The cause was liver cancer, said Mireille Gaucher, her personal secretary.
Ms. Crespin was widely admired for the elegance, warmth and subtlety of her singing, especially in the French and German operatic repertories. Early on, the natural carrying power of her voice seemed to point to a career as a dramatic soprano. Indeed, she made her 1950 debut at the regional company in Mulhouse, France, singing Elsa in Wagner’s “Lohengrin.”
Yet Ms. Crespin’s singing was imbued with nuanced phrasing, telling attention to text, creamy lyricism and lovely high pianissimos. While she had an enveloping voice, she always seemed to keep something in reserve, leading some listeners to sense a touch too much French restraint. But most opera buffs valued Ms. Crespin for the effortless richness, lyrical nobility and subtle colorings of her singing. She was also a sophisticated actress whose Junoesque presence commanded attention.
Ms. Crespin’s Metropolitan Opera debut came in 1962 as the Marschallin in “Der Rosenkavalier,” directed by the soprano Lotte Lehmann, who had been the most renowned interpreter of the role. Reviewing Ms. Crespin’s portrayal, the New York Times critic Harold C. Schonberg wrote that she gave “a simply beautiful performance” enriched with “all kinds of delicate shading.” But when she let out her full voice, he added, it “soared over the orchestra and all over the house — big, confident and beautiful.”

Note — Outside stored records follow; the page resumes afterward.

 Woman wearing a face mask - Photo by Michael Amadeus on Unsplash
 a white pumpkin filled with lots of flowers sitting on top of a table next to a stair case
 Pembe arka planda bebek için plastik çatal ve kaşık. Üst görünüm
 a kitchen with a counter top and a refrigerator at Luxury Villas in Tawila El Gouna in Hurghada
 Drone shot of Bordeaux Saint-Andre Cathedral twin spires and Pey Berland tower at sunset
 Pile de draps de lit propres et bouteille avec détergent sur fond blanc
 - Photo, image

Ms. Crespin was born on Feb. 23, 1927, in Marseilles. When she was 5, her family moved to Nîmes, where her parents opened an “immense shoe store with seventeen saleswomen,” the soprano wrote in “On Stage, Off Stage: A Memoir,” translated into English by Gladys Bourdain, a staff editor at The New York Times, and published in 1997 by Northeastern University Press. A frank story of her life as a woman and an artist, it includes mature discussions of her romantic relationships.
Her childhood was affected by the deprivations of the war in Europe and, even more, by her mother’s alcoholism. At 12, as she wrote in her memoir, she was increasingly unnerved by the night presence of this “drunken, staggering woman who could hardly speak,” her adored “Mama,” who by day was so vivacious and intelligent.

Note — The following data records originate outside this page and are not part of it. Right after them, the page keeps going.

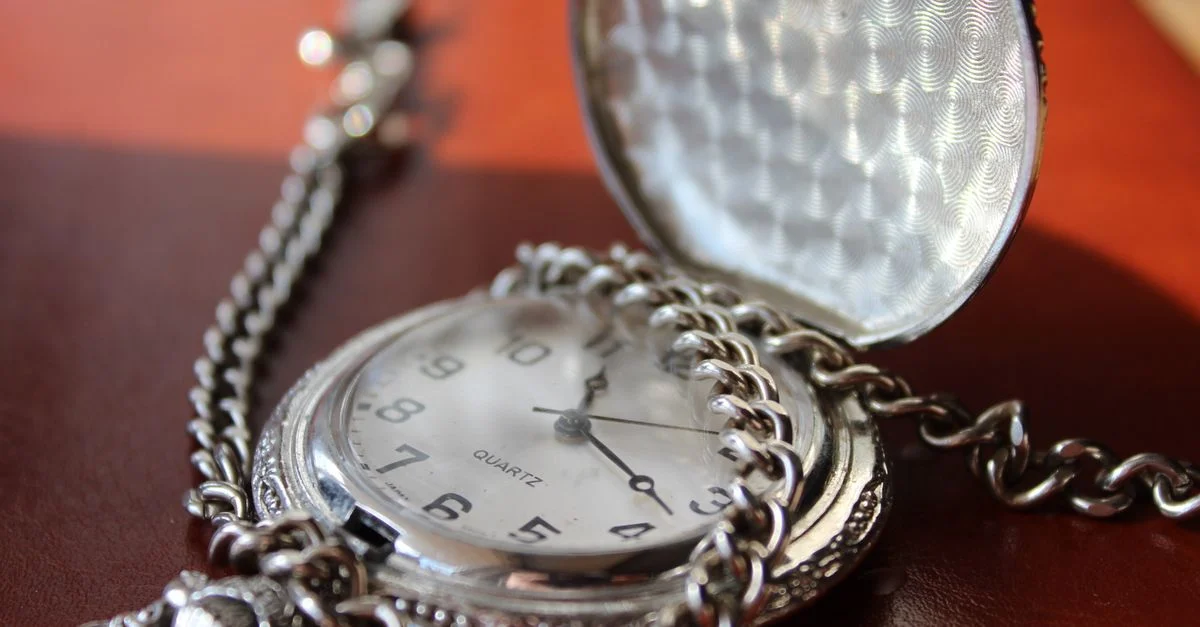 Gros plan sur une montre de poche vintage en argent avec chaîne, au design élégant.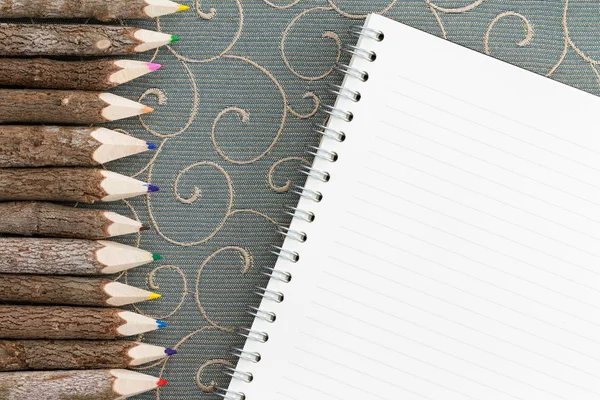 Μολύβι χρωματιστά μολύβια και ένα κενό σημειωματάριο — Φωτογραφία Αρχείου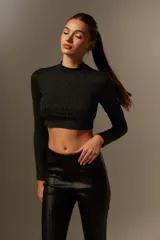 Top negro cropped de poliéster con cuello alto y mangas largas.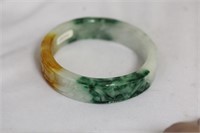 A Carved Jadeite Bangle Bracelet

Only because Ms. Crespin failed the entrance exams to college at 16 was she was permitted by her pragmatic father to study voice, eventually entering the conservatory in Paris. After her debut she sang at the Paris Opera for the next six years. But her first prominent successes came in regional houses of France, with roles like Sieglinde in Wagner’s “Walküre” and Puccini’s Tosca.
When she auditioned for Wieland Wagner, the composer’s grandson, who ran the Bayreuth Festival, she sang Wagner arias in French because she had not sung them in German. Still, she was given the part of Kundry in “Parsifal” at the 1958 festival. Suddenly she urgently needed a German coach, which led her to Lou Bruder, a professor of German literature who eventually became her husband. Their marriage ended in divorce after 11 years. Ms. Crespin, who had no children, left no immediate survivors.
Her international career grew steadily, with regular appearances in the world’s major houses. In the 1960s she made some classic recordings, among them her account of the Marschallin in Georg Solti’s Decca recording of “Der Rosenkavalier” and her Sieglinde in Solti’s Decca recording of “Die Walküre,” part of that conductor’s complete Ring Cycle.
In 1967 she sang Sieglinde to Birgit Nilsson’s Brünnhilde at the Met, with Herbert von Karajan conducting a production that he also directed. Reviewing that performance for The Times of London, the critic Conrad L. Osborne wrote that “Nilsson and Crespin spurring each other on make for the sort of thing one remembers with a chill for years.”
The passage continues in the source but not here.